I heard of Rodale’s Plastic-Free Challenge on the blog My Plastic Free Life.

Like Zero Waste, Plastic-Free is an aspiration, not a reality. For example, I posted something on Facebook about the plastic-free challenge this morning while wearing my plastic retainers. Am I going to give up my retainers and let my teeth go crooked again after spending thousands of dollars on them? No.

Plastic-Free Challenge Rules

1. Don’t acquire more plastic (and that includes packaging).

2. Don’t cook food in plastic or store food in plastic. (The first one seems pretty easy, unless Teflon contains plastic—all you have to do is remember to take your food now stored in plastic and microwave it on a plate or in a china bowl. The second is a little more difficult, but you can store your food in Pyrex and cover it with foil. I have Pyrex microwave-safe storage dishes with plastic lids. I’m going to use those because they are cool!)

3. Minimize other plastic use. (So what, I’m not supposed to type on my laptop?)

You see the problem here. Plastic is so pervasive in our lives that the best we can do right now is pay attention to how much plastic we use and start to remove it from our lives.

Beth’s Tips for Minimizing Plastic in Your Life and in Your Food

1. Consider whether buying frozen vegetables in plastic bags (a few brands come in paper bags, but they may be lined with plastic) is better than buying canned veggies. The cans are lined with plastic, and that lining will leach chemicals into the veggies. It’s possible that plastic bags can leach chemicals into the frozen veggies, but it seems less likely to me.

2. Buy condiments in glass jars.

3. Buy cosmetics in glass jars. Yes, I know they’re hard to find, but there are a few. Also, try buy Aveda’s makeup brushes. For a while there, they were selling some with handles made of renewable materials. Aveda also used to sell metal eyeshadow and blush containers made from recycled metal.

4. If you need to buy something plastic (say, a spray bottle), ask if the store sells any made of recycled plastic. These goods are a lot more common than they used to be.

5. If the item you need comes in plastic, buy it in bulk (less packaging).

6. Buy items based on their packaging. For example, do those socks you want to buy hang from a plastic hanger or a cardboard hanger?

Leave A Comment

  1. Melanie Mulhall February 8, 2011 at 3:42 pm - Reply


    Yikes!
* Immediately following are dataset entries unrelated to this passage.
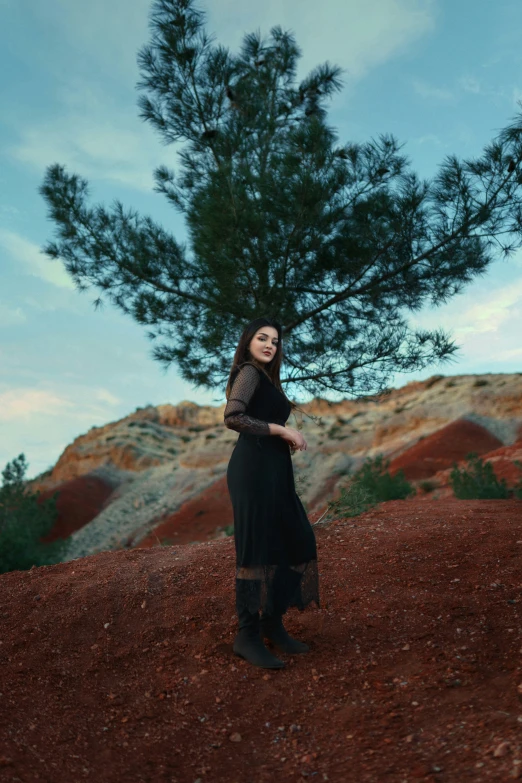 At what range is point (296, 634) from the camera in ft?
14.1

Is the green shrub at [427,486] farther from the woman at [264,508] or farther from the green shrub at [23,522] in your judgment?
the woman at [264,508]

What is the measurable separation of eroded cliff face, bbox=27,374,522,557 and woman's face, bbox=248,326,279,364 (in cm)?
1410

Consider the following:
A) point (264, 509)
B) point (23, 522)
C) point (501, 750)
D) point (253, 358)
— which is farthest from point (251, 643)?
point (23, 522)

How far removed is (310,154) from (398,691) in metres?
5.71

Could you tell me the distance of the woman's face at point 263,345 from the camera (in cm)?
406

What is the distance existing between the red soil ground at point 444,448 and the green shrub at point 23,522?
9.87m

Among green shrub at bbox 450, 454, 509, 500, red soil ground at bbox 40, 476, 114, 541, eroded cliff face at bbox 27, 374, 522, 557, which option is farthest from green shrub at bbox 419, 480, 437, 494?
red soil ground at bbox 40, 476, 114, 541

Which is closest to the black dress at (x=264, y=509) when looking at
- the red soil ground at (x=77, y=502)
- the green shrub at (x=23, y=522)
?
the green shrub at (x=23, y=522)

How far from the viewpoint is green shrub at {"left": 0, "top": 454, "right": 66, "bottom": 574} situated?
568 inches

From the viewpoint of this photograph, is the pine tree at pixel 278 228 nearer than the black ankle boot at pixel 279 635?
No

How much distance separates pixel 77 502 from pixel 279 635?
22970 mm

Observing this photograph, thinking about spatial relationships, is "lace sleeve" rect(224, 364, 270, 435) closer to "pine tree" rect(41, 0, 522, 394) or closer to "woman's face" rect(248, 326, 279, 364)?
"woman's face" rect(248, 326, 279, 364)

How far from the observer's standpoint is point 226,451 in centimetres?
2805

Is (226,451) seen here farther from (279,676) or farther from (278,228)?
(279,676) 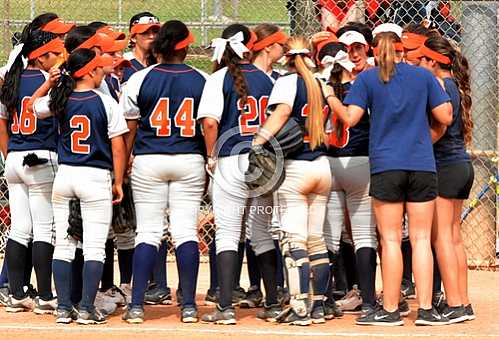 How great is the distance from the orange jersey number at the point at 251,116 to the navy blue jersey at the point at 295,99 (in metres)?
0.27

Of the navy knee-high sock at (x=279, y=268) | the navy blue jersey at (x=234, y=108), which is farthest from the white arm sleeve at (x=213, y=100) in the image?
the navy knee-high sock at (x=279, y=268)

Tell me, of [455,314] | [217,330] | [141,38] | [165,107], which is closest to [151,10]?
[141,38]

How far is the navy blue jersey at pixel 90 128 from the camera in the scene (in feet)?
26.1

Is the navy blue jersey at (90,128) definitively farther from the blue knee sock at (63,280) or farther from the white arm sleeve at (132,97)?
the blue knee sock at (63,280)

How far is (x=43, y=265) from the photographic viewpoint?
27.8ft

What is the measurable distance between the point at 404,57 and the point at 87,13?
230 inches

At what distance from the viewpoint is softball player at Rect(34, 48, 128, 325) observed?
795cm

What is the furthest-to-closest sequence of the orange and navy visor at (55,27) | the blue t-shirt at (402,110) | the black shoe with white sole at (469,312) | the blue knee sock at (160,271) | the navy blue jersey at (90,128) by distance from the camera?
the blue knee sock at (160,271)
the orange and navy visor at (55,27)
the black shoe with white sole at (469,312)
the navy blue jersey at (90,128)
the blue t-shirt at (402,110)

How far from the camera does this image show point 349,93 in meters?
7.82

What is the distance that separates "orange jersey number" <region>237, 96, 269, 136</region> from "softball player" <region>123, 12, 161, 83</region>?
129cm

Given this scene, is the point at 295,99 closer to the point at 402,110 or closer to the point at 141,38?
the point at 402,110

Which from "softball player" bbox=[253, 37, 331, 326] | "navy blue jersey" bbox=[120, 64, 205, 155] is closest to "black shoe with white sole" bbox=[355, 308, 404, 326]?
"softball player" bbox=[253, 37, 331, 326]

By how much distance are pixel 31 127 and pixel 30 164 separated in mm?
255

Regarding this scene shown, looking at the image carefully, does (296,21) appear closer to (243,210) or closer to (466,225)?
(466,225) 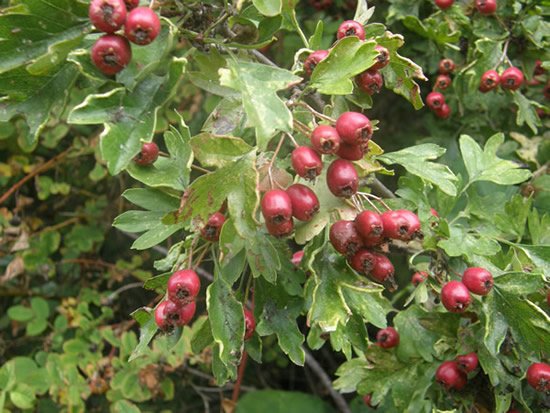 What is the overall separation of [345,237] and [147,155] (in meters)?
0.46

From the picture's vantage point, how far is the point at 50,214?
8.50ft

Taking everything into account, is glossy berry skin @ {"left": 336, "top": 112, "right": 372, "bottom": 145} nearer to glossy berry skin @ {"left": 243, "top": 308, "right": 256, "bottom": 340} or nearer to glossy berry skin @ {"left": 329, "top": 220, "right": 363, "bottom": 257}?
glossy berry skin @ {"left": 329, "top": 220, "right": 363, "bottom": 257}

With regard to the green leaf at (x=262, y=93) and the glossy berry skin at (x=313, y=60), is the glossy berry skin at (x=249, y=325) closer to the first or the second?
the green leaf at (x=262, y=93)

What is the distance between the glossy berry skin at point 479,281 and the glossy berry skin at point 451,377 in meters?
0.25

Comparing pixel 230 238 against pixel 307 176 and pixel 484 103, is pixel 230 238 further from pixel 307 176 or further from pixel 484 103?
pixel 484 103

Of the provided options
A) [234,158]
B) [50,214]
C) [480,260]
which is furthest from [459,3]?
[50,214]

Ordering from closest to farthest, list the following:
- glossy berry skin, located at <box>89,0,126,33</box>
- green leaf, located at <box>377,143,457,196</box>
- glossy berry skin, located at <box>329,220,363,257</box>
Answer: glossy berry skin, located at <box>89,0,126,33</box> < glossy berry skin, located at <box>329,220,363,257</box> < green leaf, located at <box>377,143,457,196</box>

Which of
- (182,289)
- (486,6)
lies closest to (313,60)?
(182,289)

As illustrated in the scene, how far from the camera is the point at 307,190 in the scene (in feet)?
2.95

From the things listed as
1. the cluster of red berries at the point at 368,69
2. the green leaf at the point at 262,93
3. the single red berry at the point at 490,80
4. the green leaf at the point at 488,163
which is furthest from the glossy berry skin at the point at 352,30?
the single red berry at the point at 490,80

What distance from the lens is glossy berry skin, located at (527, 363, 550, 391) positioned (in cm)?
109

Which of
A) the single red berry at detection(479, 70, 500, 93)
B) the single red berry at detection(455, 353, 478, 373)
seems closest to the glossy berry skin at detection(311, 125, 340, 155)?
the single red berry at detection(455, 353, 478, 373)

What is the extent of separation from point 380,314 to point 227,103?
59 cm

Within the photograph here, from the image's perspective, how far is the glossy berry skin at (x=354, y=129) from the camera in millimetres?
837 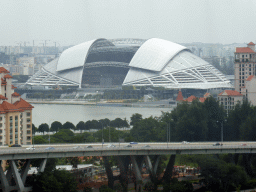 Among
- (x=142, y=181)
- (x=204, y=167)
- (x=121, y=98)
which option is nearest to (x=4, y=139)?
(x=142, y=181)

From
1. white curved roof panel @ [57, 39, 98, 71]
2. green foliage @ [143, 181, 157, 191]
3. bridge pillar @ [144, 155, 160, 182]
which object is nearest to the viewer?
green foliage @ [143, 181, 157, 191]

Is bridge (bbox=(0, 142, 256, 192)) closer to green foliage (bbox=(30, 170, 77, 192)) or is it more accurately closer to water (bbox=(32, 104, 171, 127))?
green foliage (bbox=(30, 170, 77, 192))

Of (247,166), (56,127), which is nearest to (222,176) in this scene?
(247,166)

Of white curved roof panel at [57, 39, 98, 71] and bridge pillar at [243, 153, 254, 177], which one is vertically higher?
white curved roof panel at [57, 39, 98, 71]

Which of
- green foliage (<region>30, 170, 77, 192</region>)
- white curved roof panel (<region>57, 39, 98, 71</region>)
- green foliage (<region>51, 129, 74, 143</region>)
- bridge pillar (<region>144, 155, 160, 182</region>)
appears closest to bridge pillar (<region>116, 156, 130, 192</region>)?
bridge pillar (<region>144, 155, 160, 182</region>)

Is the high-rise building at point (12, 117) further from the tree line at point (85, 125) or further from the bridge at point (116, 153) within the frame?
the tree line at point (85, 125)

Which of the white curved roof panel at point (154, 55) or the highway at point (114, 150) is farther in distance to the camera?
the white curved roof panel at point (154, 55)

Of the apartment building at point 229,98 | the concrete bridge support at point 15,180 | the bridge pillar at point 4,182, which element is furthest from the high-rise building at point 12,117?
the apartment building at point 229,98

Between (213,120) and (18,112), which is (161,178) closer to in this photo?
(18,112) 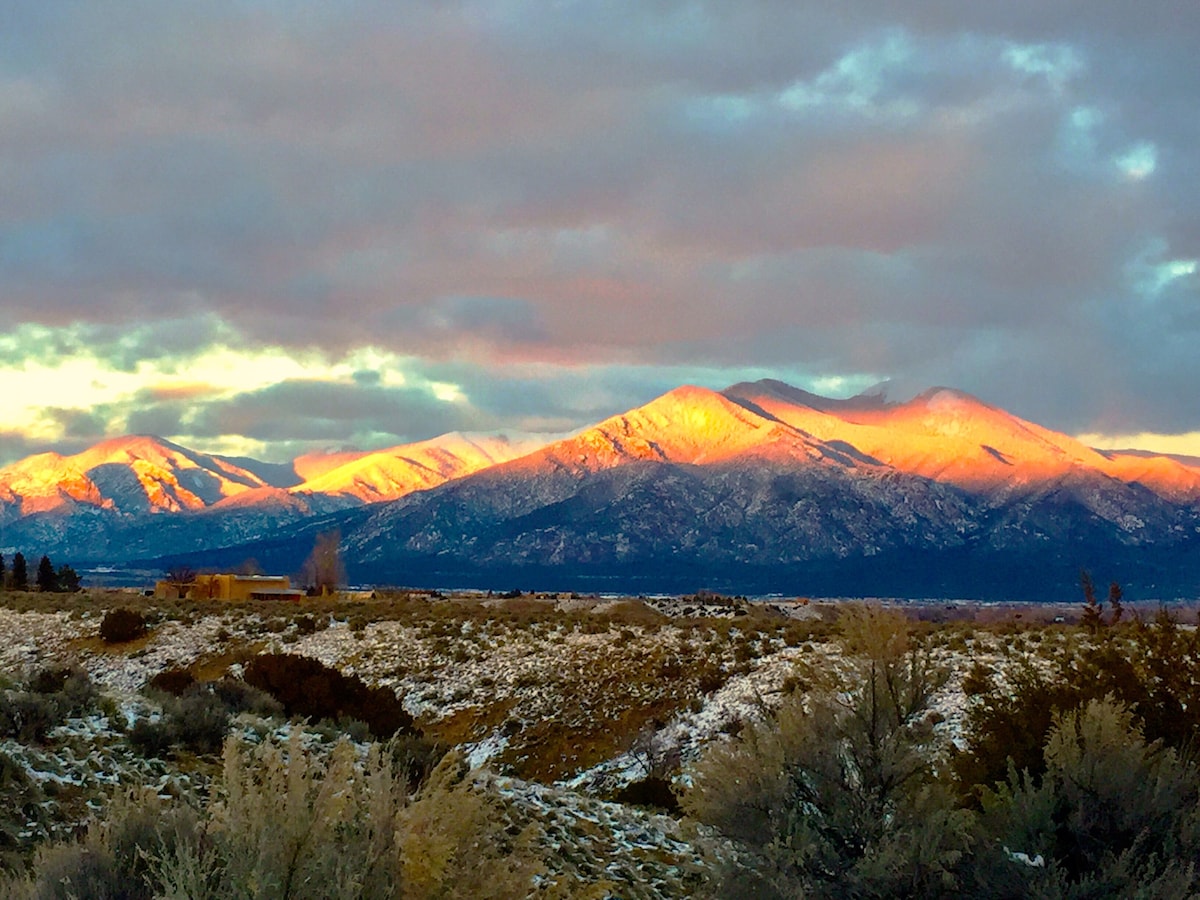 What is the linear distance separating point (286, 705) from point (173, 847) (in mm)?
Result: 13094

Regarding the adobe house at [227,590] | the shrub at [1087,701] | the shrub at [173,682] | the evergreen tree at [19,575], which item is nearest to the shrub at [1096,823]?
the shrub at [1087,701]

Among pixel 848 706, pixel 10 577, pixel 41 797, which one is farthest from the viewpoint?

This is difficult . . . and I’ve been avoiding some plastic uses for a long time. I’d love to see a post on why we should be avoiding plastic. It is petrolium based, so that’s one reason. Too much is not easily recylcable, so that’s another. But enlighten us, please.

    Melanie Mulhall

  2. Beth Partin February 9, 2011 at 9:40 am - Reply

    Melanie, thanks for commenting!

    With regard to plastic, I recycle it and avoid it for the same reason I eat organic food: to avoid pollution. Plastic leaches chemicals into food, especially when the food is heated in the plastic. Also, plastic ends up in the oceans, where turtles and seabirds eat it. Some end up dying of starvation with a stomach full of plastic.

    After doing this challenge for a week, I can say with certainty I’m not as committed as Beth Terry of My Plastic-Free Life. But I’m very happy to reduce my use of plastic as much as possible. I prefer glass and wood and metal to plastic, but what I would really like is for designers to come up with container materials made from renewable sources or waste products such as sawdust or wheat chaff or something similar.